Bu halk anlatıları içinde, sosyal ve siyasal baskıyı düzenlemede en elverişli olanı da
gülmecedir. Hani, "Aşk gelince cümle eksikler biter"miş ya, gülümseme gelince de
cümle hoşgörüsüzlükler biter. Anlatılan gülmecenin (fıkra) sonunda yaratılacak
"gülüş" eylemi, anlatının içerdiği eleştiriyi iyiden iyiye kabul edilir kılıp "yenilir, yutulur"
hale getirecek ve aynı zamanda bir "korunak" da oluşturacaktır.
Bu nedenledir ki, imalı iletişimde halkımızın Nasrettin Hocayı "aracı", fıkrayı da
"araç" olarak kullanması, özsavunma ve korunma açısından, çok bilinçle yapılmış
bir seçimdir.
Örneğin; çağın hızlı değişiminin ve acımasız yaşam koşullarının dayatmaları karşısında,
giderek geçerliliğini yitiren kimi geleneklerin sürdürülmesi mümkün değildir.

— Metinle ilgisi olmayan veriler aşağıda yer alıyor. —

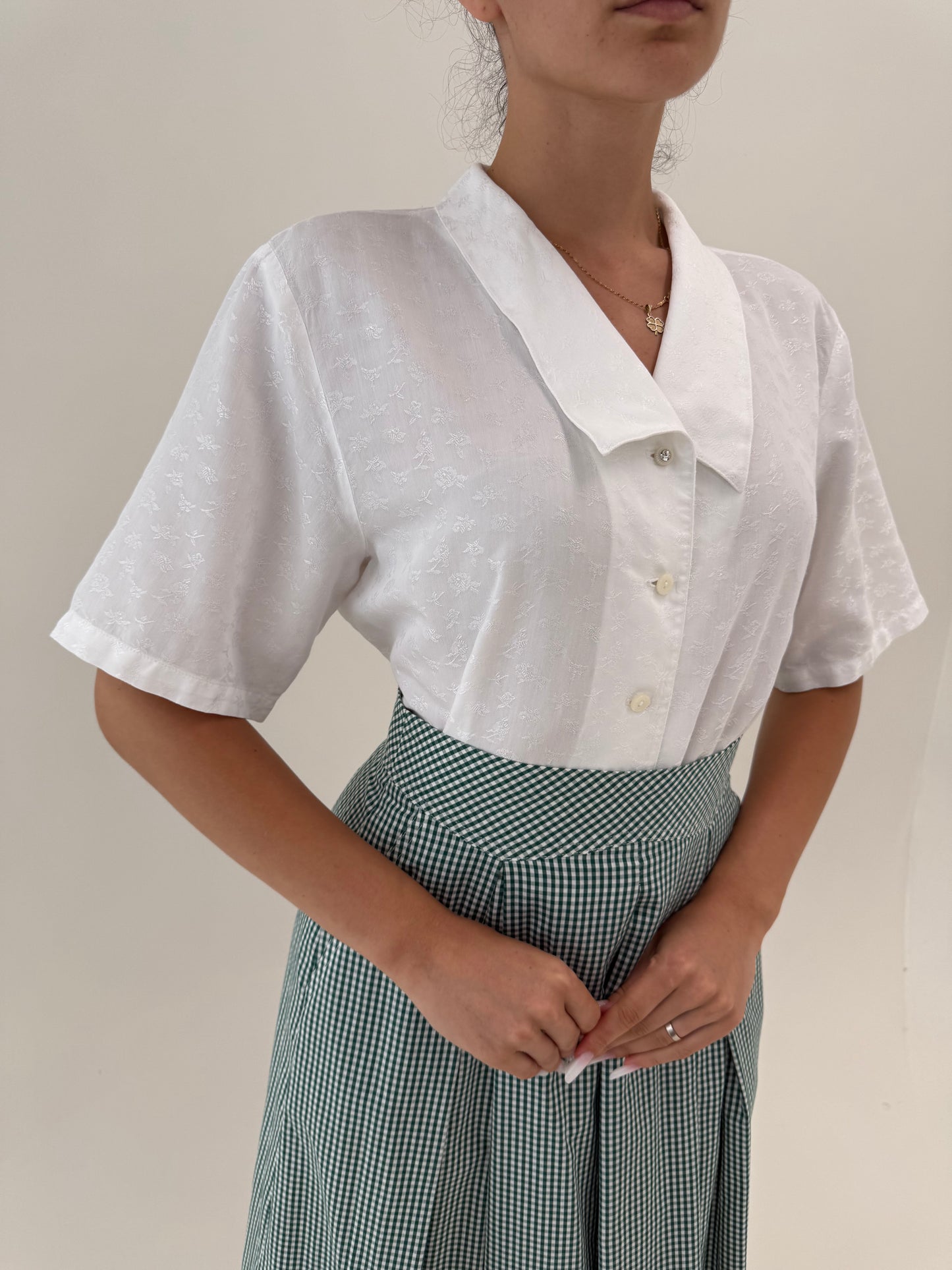 Cămașa vintage din pânză excepțională de bumbac cu revere mari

Bu konuda yapılacak bir zorlama da bireyi bunaltır. Ekonomik koşulların giderek
ağırlaştığı, "iki elin bir başı düzeltemediği" bir ortamda, konukseverlik geleneğinin
korunup sürdürülmesi de pek mümkün görülmemektedir. İşte aşağıda vereceğim
örnek fıkra, artık sürdürülmeye çalışıldığında, bireyi çok zorlayacak olan kimi
geleneklere karşı, insanlara bir çıkış yolu göstermekte ve gerekirse, onların bazılarından
vazgeçilebileceği "göndermesini" yapmaktadır. Şöyle ki:
Nasrettin Hoca evinde otururken kapısı çalınmış. Hoca "kim o?" diye sorunca da dışardan
bir ses "Tanrı misafiri" diye cevap vermiş. Bunun üzerine kapıyı açan Hoca, kapıdaki adamı
tuttuğu gibi camiye götürerek "Eğer sen Tanrı misafiriysen, Tanrının evi işte burasıdır" demiş.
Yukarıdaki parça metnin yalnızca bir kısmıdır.